The 2014 premiums have jumped, which isn't too surprising given that expectations have come down a bit for Philip Morris since my last update. Interestingly enough, Philip Morris now trades at a very small discount to its peers on 2013 earnings per share. A year ago, this premium was more than 10%.

Overall analyst opinions:

I always like to look at what the professional Wall Street analysts think when it comes to the names in this space. The following table shows the average analyst rating, where a 1.0 is a strong buy and a 3.0 is a hold. The table also shows the average, or mean, price target currently, and the upside to that target from Friday's close.

Philip Morris remains the highest rated name among wall street analysts, despite the fact that it has the lowest growth profile. Philip Morris also has the most upside to its price target, something that has occurred in most of my updates.

Final thoughts:

Philip Morris has reached a critical point. Growth expectations for 2014 have completely evaporated, and the stock has come down a bit as well. At this point, Philip Morris shares are in-line or close to in-line with expectations, which makes it look like an attractive investment again. I pitched this name as a good buy at a 4.50% yield recently, and Philip Morris is getting close to this point again.

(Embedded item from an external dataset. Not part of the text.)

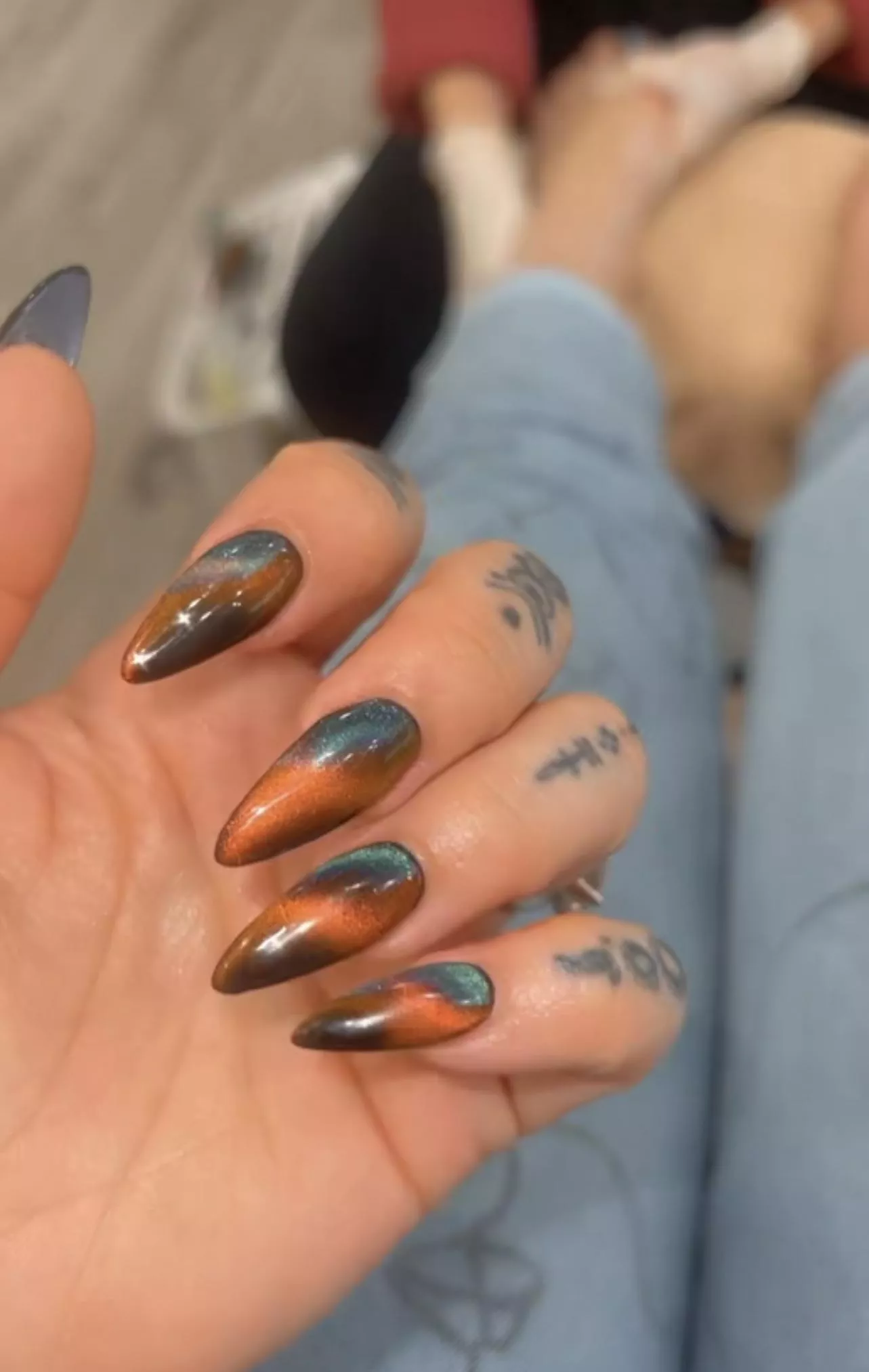 Oc , these belong on your back posted by stasiadynasty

At current prices, Philip Morris looks reasonable, much better than when this name was at $90 plus.

Disclosure: I have no positions in any stocks mentioned, and no plans to initiate any positions within the next 72 hours. I wrote this article myself, and it expresses my own opinions. I am not receiving compensation for it (other than from Seeking Alpha). I have no business relationship with any company whose stock is mentioned in this article.

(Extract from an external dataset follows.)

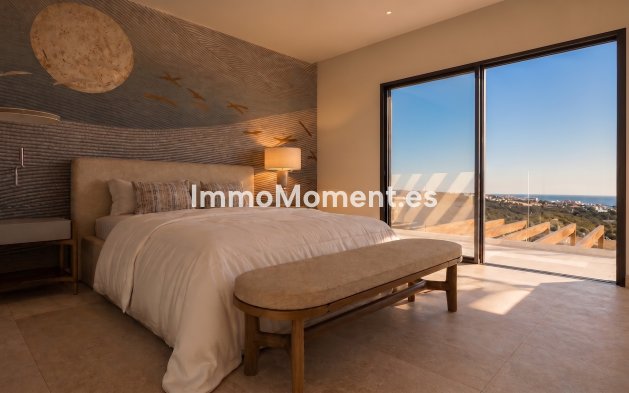 Obra nueva - Villa independiente - Estepona  - Estepona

Additional disclosure: Investors are always reminded that before making any investment, you should do your own proper due diligence on any name directly or indirectly mentioned in this article. Investors should also consider seeking advice from a broker or financial adviser before making any investment decisions. Any material in this article should be considered general information, and not relied on as a formal investment recommendation.